In some cases, when people need to take painkillers, they take one pill every three days. There are no vaccines and no medicines for chronic diseases such as heart conditions and diabetes.
The repercussion of this situation is not only physical, but also psychological for women and children, as they grow up far from a safe environment, and too close to a culture of war, she added.
“Children are in constant fear of air bombardments, which are dropped more in besieged areas than in any other parts of Syria,” said Khush.
Data from the report were collected through 22 conducted focus group, and interviews with more than 125 parents and kids living in eight different besieged areas of Syria.
The results revealed that Syrians have been forced to cut the number of meals per day, by half or more. In seven of the groups (32%), people said they sometimes were unable to eat a meal per day.
Four of the adult groups (24%) reported that local children have died because of lack of food. Parents in 14 groups (84%) reported their children becoming more aggressive, withdrawn or depressed.
Speaking on condition of anonymity, a Syrian humanitarian worker, who founded in 2012 a local organisation which coordinates humanitarian activities in besieged areas, described the “art of survival” of thousands of families:
“Mothers who are forced to cook grass and feed their children on animal food. Several new-born babies die at checkpoints because they cannot get the right medicines…This is what it means to me to live in besieged areas.”
Despite six resolutions adopted by the U.N. Security Council since 2014, calling for a humanitarian access in Syria, the number of people living under siege has more than doubled in the last year, along with the number of bombings.
“The situation has worsened,” said Khush. “As in 2015, only one percent of the people living in besieged areas received free UN aid. However, communities are becoming more resilient and determined to act to solve their own problems.”

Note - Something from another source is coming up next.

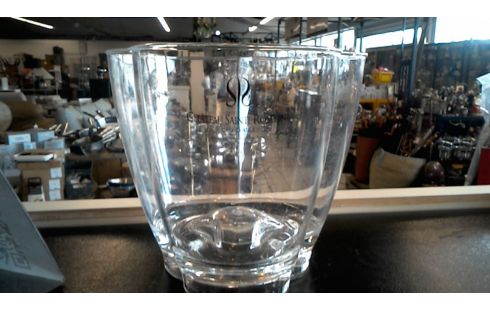 CUBITERA DE CHAMPÁN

“The entire civil society in Syria — which prior to the conflict did not exist — is trying to rebuild a broken society through the contribution of women and men who, despite the daily risks, are determined to be part of the solution”, the Syrian volunteer added.

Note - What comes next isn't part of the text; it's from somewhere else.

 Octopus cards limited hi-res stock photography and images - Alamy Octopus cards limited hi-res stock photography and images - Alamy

“It is important for us to have started already the process of rebuilding the country, giving back people their dignity and ownership,” she underlined.
“Located in Damascus, we work in areas controlled mainly by the rebel groups” the volunteer told IPS, “And through a strong network of volunteers and local councils we check daily if areas get bombed, schools get attacked, and if children went out safely. We directly talk to people,” she said.
In areas such as Eastern Ghouta, which is mainly an agricultural land, people do not want hand-outs anymore. When supplies get sent in, people prefer seeds, tools and agricultural equipment, Save the Children’s Regional Syria Director said.
“There is a lot of focus on convoys and food aid, which is very important” – she said – “But that does not address so many other aspects of what people really need. […] It does not address the issue of helping these communities to generate an income of their own to be self-sustainable, which is what Save the Children is doing.”